Source material:
----

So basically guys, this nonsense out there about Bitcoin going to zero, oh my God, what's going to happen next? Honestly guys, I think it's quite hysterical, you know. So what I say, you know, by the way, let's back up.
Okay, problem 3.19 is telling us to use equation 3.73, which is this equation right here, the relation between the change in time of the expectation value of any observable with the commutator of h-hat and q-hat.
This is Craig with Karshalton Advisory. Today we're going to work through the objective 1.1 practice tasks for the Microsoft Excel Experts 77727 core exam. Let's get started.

----

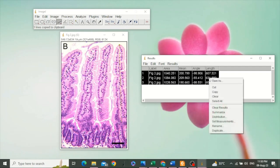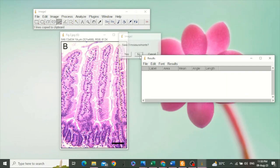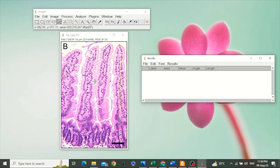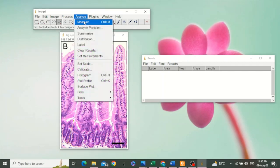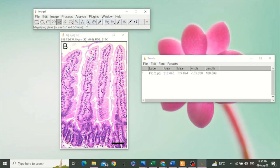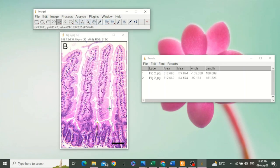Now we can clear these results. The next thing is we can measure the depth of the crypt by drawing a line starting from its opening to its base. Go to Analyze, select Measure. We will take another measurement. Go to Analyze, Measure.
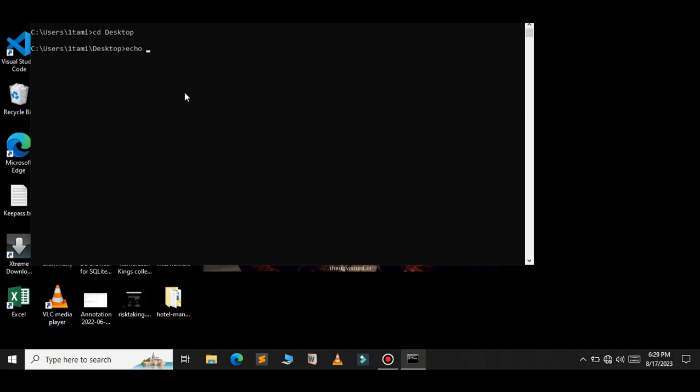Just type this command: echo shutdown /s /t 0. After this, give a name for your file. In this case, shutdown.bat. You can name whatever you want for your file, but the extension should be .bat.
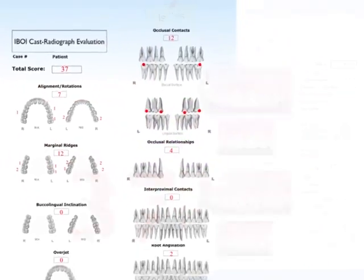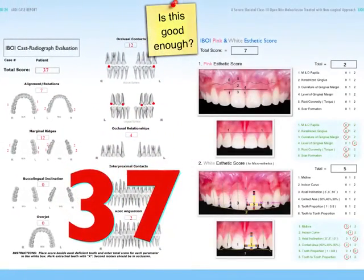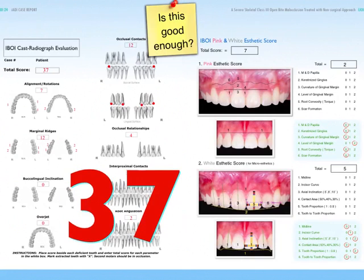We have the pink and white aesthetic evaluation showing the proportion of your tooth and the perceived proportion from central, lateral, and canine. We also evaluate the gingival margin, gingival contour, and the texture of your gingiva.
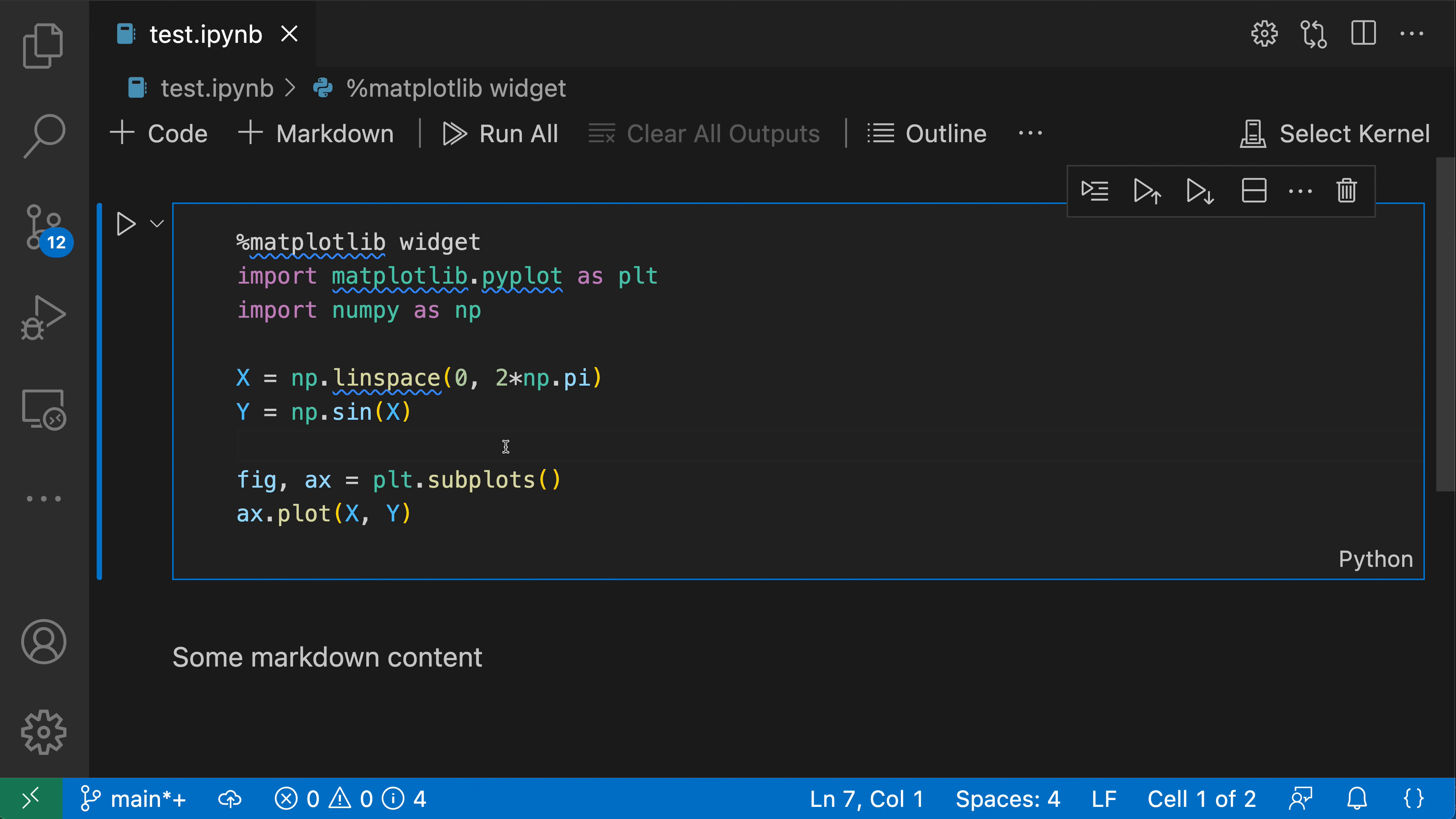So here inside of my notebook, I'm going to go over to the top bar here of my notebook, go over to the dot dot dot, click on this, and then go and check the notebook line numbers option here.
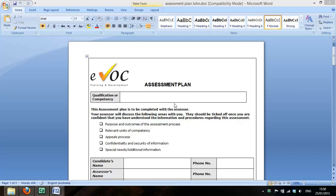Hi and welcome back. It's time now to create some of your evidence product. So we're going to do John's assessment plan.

----

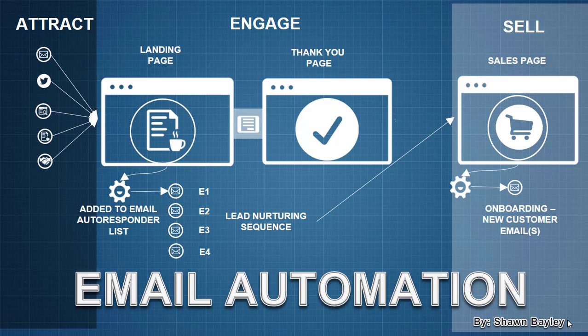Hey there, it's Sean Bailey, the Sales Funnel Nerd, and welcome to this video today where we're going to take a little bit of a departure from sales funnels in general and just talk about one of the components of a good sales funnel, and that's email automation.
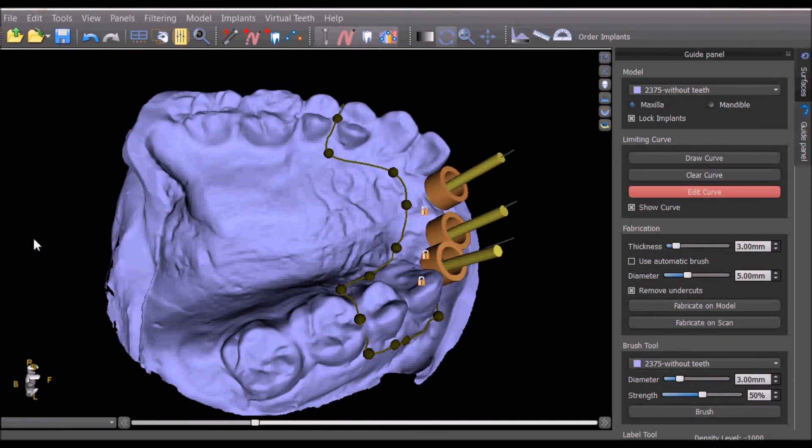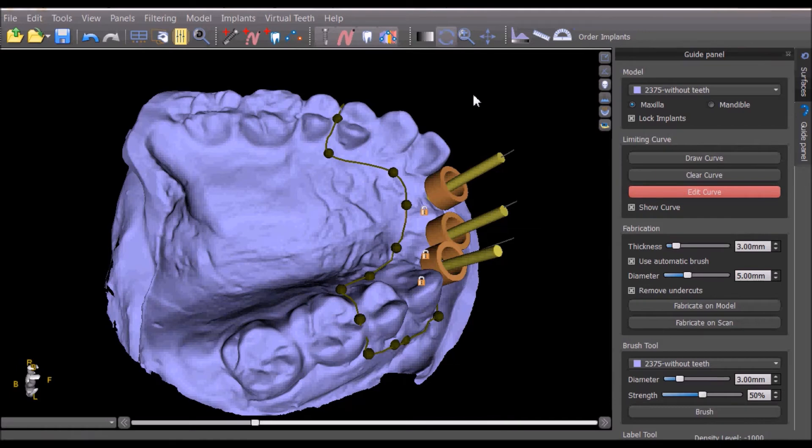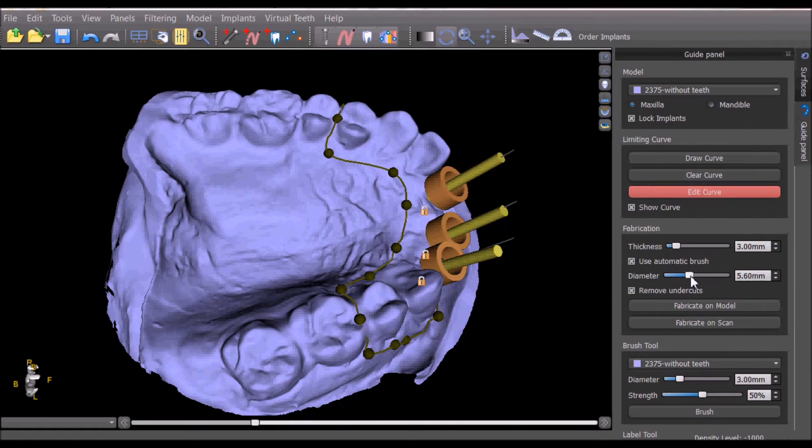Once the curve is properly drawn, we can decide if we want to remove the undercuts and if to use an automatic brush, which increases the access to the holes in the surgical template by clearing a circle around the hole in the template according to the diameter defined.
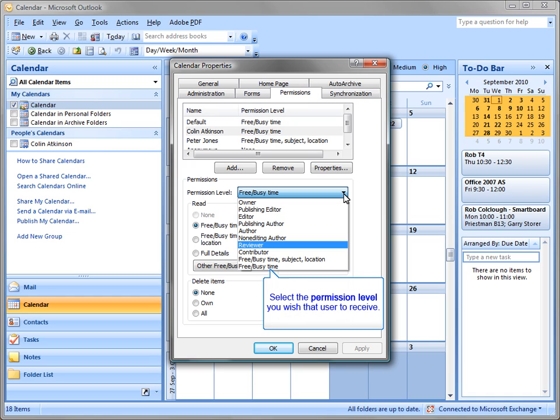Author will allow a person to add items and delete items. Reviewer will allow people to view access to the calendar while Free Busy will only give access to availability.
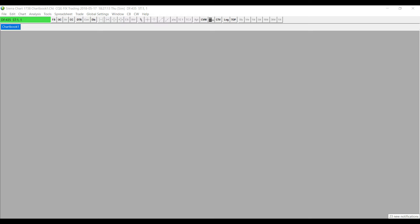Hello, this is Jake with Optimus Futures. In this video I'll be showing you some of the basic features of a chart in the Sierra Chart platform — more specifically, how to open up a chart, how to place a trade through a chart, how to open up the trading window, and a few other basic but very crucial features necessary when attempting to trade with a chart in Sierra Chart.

----

Work instruction:
Look through the entries above and quote exactly the lines from the line with "Okay, problem 3.19" to the line with "This is Craig", counting both of those lines.

Response area:
Okay, problem 3.19 is telling us to use equation 3.73, which is this equation right here, the relation between the change in time of the expectation value of any observable with the commutator of h-hat and q-hat.
This is Craig with Karshalton Advisory. Today we're going to work through the objective 1.1 practice tasks for the Microsoft Excel Experts 77727 core exam. Let's get started.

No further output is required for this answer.